The generation gap has also been observed among intellectuals, with most of them over the years attracted by flattery or threats to side with Ben Ali, singing his praises on every occasion and signing a document supporting his candidature in the last presidential elections. Unlike these personalities from the regime’s world of culture and entertainment, also of a certain age, who kept a low or non-existent profile throughout the uprising, young artists and intellectuals made their voiced heard clearly, as in the case of the rapper “El General”, the author of a song entitled “Ya rayyes el Bled” (Commander of the Country), who was arrested immediately after posting the video online.

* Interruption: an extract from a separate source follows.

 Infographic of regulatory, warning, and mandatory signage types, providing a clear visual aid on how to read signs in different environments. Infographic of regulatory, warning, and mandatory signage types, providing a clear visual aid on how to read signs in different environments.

The symbols chosen by the young people in the streets are now others, such as Mohammed Bouazizi, the young Tunisian fruit-seller, an unemployed university graduate who set fire to himself in public to protests against injustice, preceded in Egypt by Khaled Said, a boy who died due to the beatings inflicted on him at a police station in Alexandria on June 12th, 2010. In both cases accusations fell on the brutality of a regime where the police has been trained for decades not to respect even the most elementary rights of citizens. The symbolic prestige that in the past was available to regimes capable of appearing in the elegant drawing-rooms of international diplomacy has no value for the people, especially for the young, and especially when those appearing were the same people who led the country to the social collapse. The “either me or chaos” ultimatums proclaimed by Ben Ali and Mubarak in their speeches to the people could never have worked in squares filled by young people shouting, “The people want the regime to fall.”

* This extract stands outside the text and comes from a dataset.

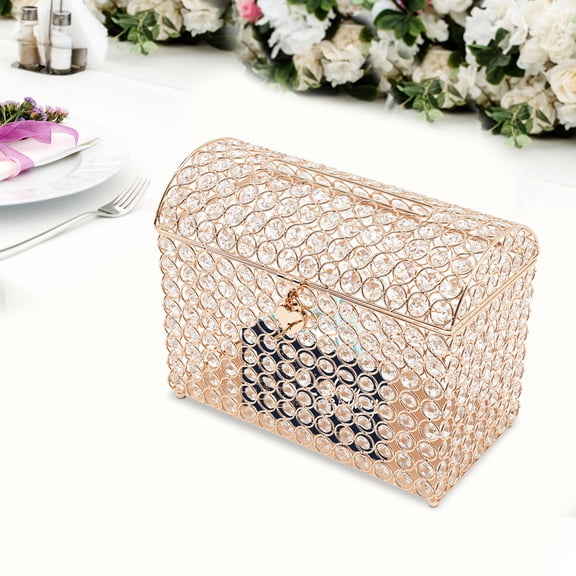 Gold Tabletop Glass Wedding Card Box with Heart Lock, Gift Envelope Memory Box for Wedding Engagement Party Anniversary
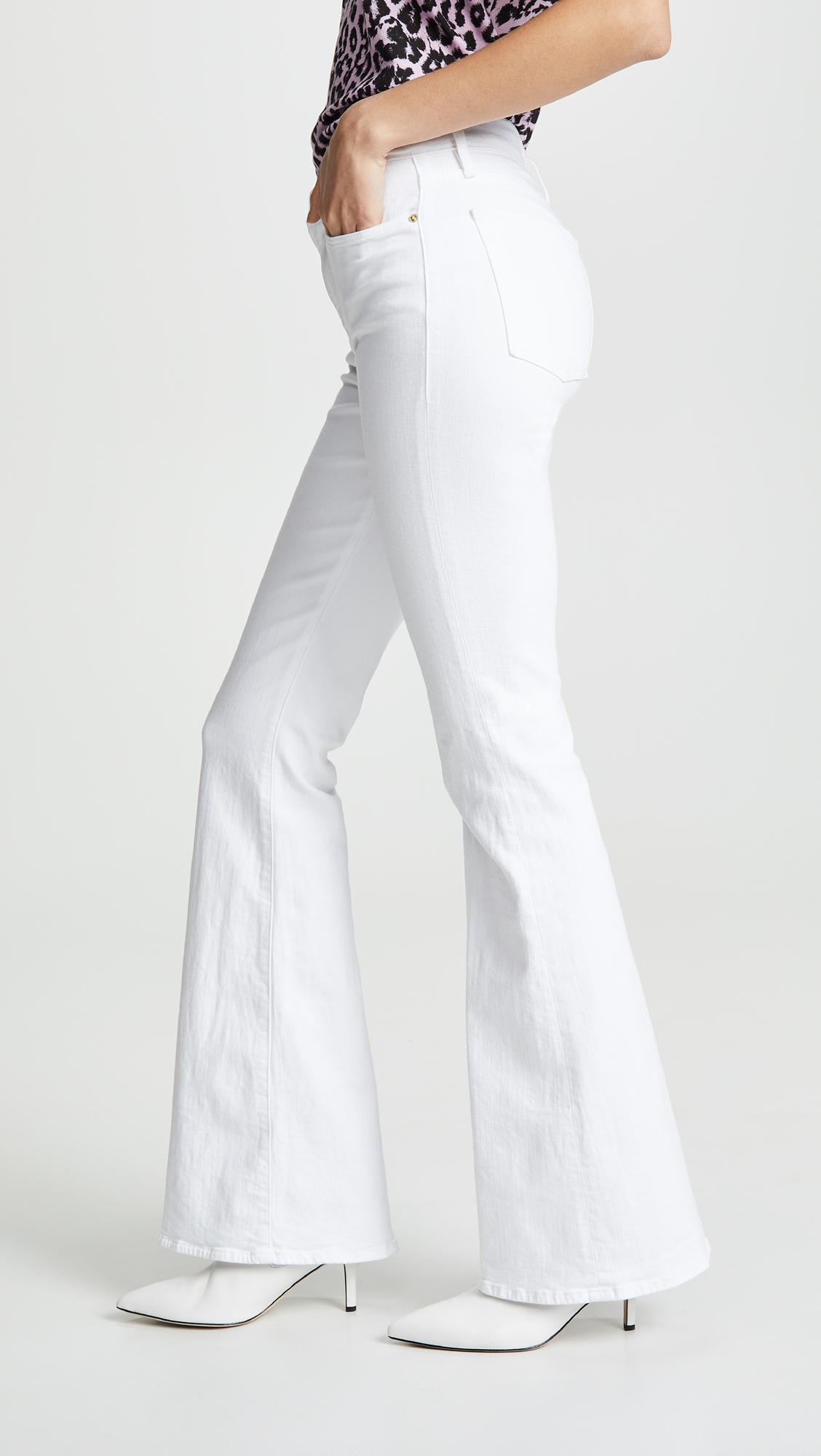 FRAME Denim Le High Flare Jeans in White | Lyst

In many ways, what happened in Tunisia and in Egypt and is happening now in Libya, Algeria, Bahrain and in Yemen is something never seen before, that could indicate that an era is over in the Arab world and a new one is beginning. There is no longer the excuse of a war on terrorism and extremism, used by Arab regimes and their western supporters to keep totalitarian regimes in power that are extremely harsh on their citizens. Thus, the famous “Arab exceptionalism” is over, according to which Arabs are allegedly not ready for democracy and dictatorships are a necessary, lesser evil. Young Arabs are proving that democracy and human rights do not tolerate exceptions.